Lobby your MEP! Plant Heritage have put together a very useful list of MEPs on the ComAgri and ComEnvi committees (along with a template letter), but you could also write to your local MEP, even if they are not on this list. Although the last date for comments on the ComAgri and ComEnvi reports is very near, there is still good cause to write, as there will have to be a full vote of the Parliament in due course. If MEPs realise that there are votes to be won/lost in this, they will soon become active on the issue.

We also need support in other EU countries. To have more chance of getting our amendments through, we need the governments of other Member States to take a similar line. There has been some contact with growers and grower groups in the Netherlands, Germany, Denmark, Belgium and Sweden, but we could certainly do with more contact and awareness in those markets. Please pass this information along.

In addition, please feel free to refer others to this blog post. Thanks for reading right to the end.

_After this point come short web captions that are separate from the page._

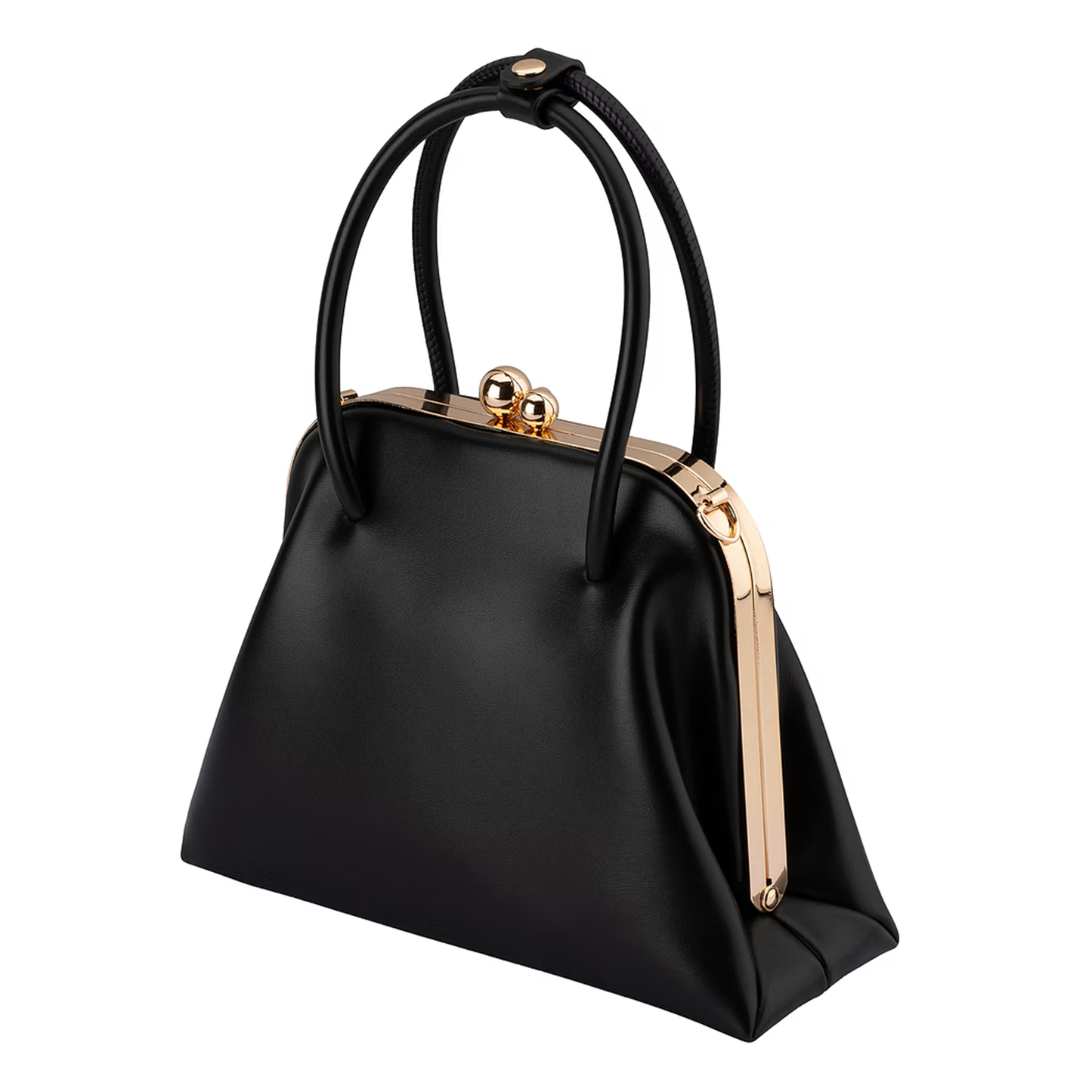 Solid Black Tapered Flare Frame Mini Carry Bag with Dual Sphere Kiss Lock Clasp and Curved Top Grip Loop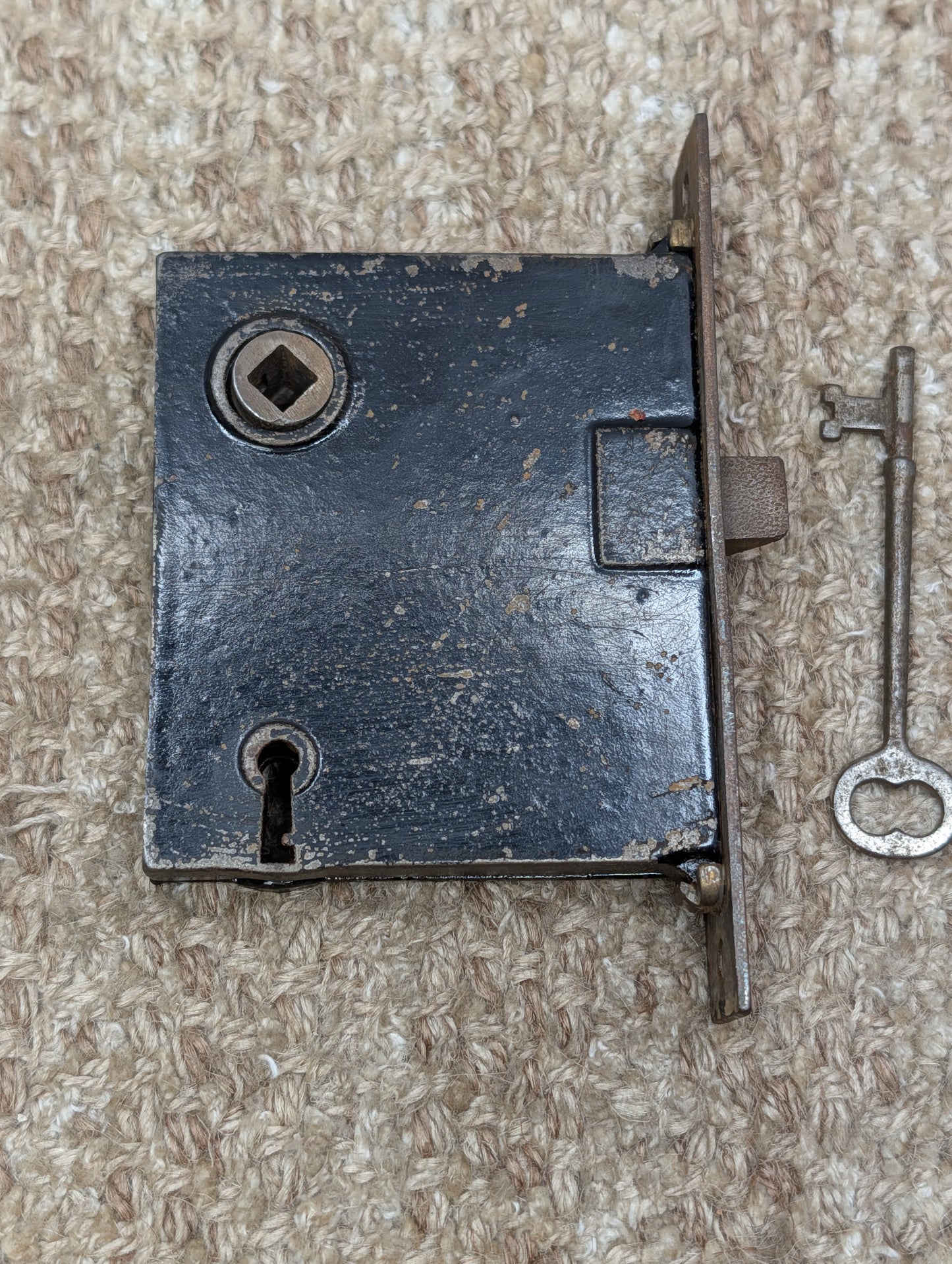 Antique Interior Mortise Lock Door Hardware #5164 (4-8-12) With Key
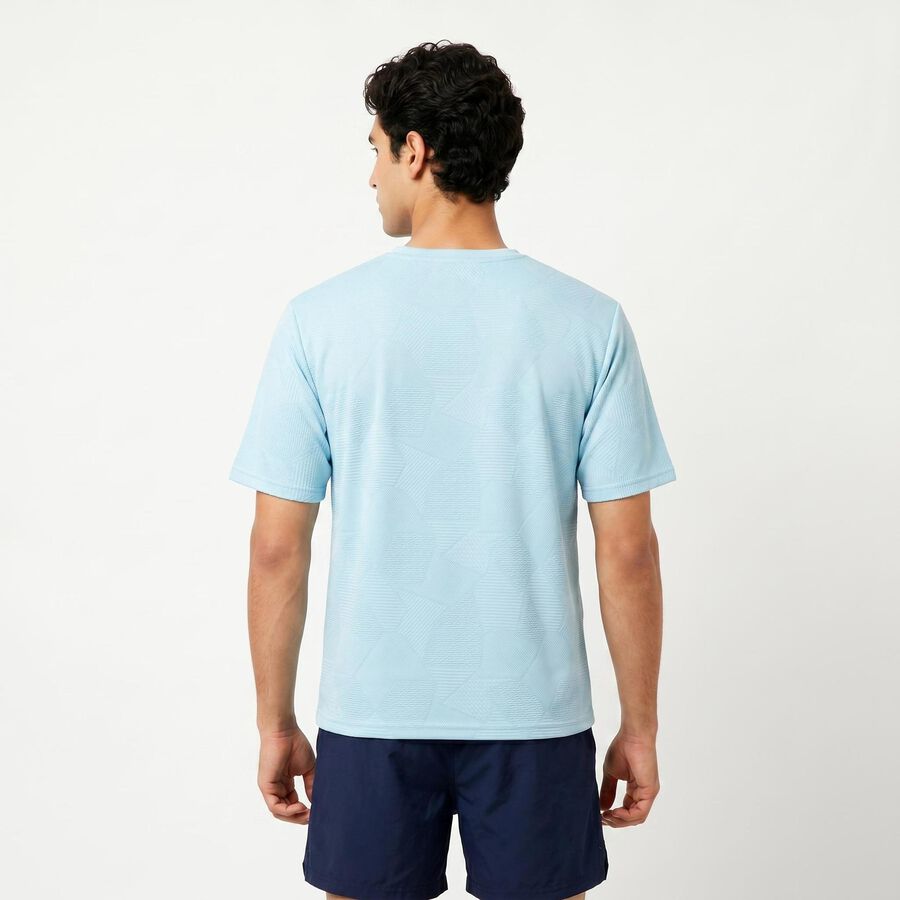 Men's Aqua Round Neck Regular Drifit T-Shirt, एक्वा, large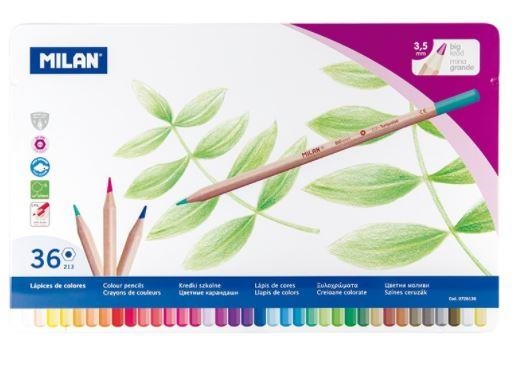 CAJA METAL LAPIZ MILAN MINA GRANDE 36 COLORES (213) | 8411574017776 | Librería Castillón - Comprar libros online Aragón, Barbastro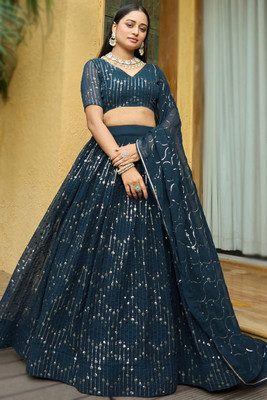 Kedar Fab Embroidered, Embellished Semi Stitched Lehenga Choli(Dark Blue)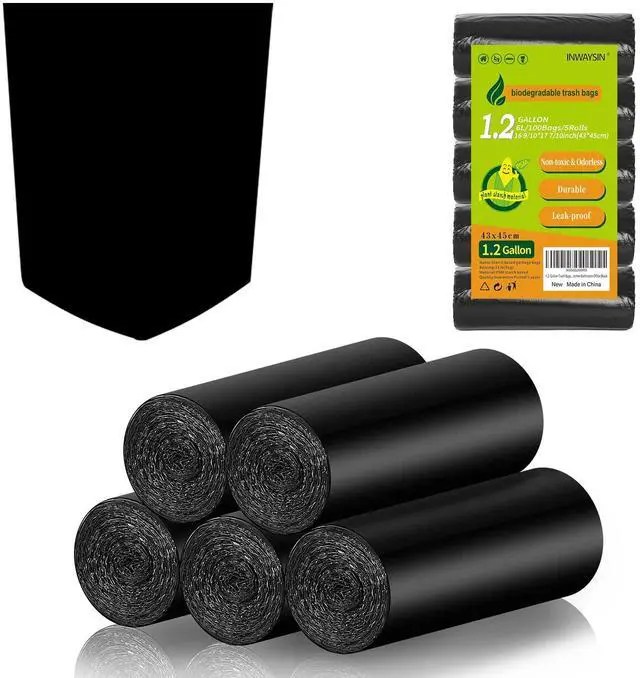 Main image of 1.2-Gallon Trash Bags Small Garbage-Bags - 100 Counts Disposable Mini Size Biodegradable Unscented Black Bulk Can Liners Tiny Recycling for Kitchen Bathroom Office
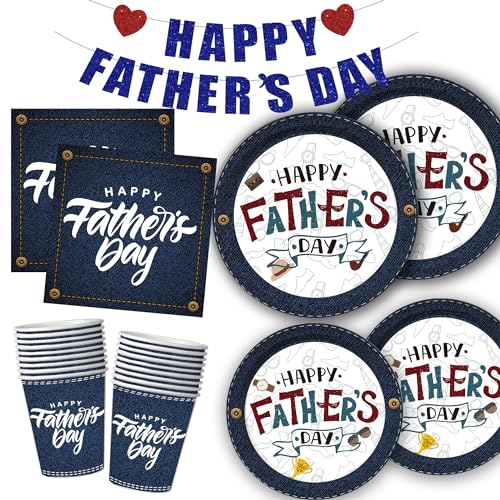 101PCS Father’s Day Paper Plates and Napkins(Jeans Style,Serves 25),Father's Day Decorations Includes Paper Plates,Napkins,Cups and Banner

* – for those who think “we’re better off out of the EU”, consider this: if the UK were not a member of the EU, this Regulation would still apply to us. It covers all imports and exports from the Union. A vast amount of plant material grown and sold in the UK originates in or passes through the European Union on its way to our nurseries, supermarkets and garden centres and would have to comply with this Regulation. However, if the UK were not a Member State, our government and civil servants would have no say in the way that the law was drafted and implemented – we’d just have to lump it. As it is, the UK government in the form of DEFRA is being very active in representing and defending the interests of British horticulture, working closely with the RHS, HTA, NFU, Plant Heritage and many other bodies, as well as individuals and businesses including PFE. To leave the EU would be a disaster for British horticulture.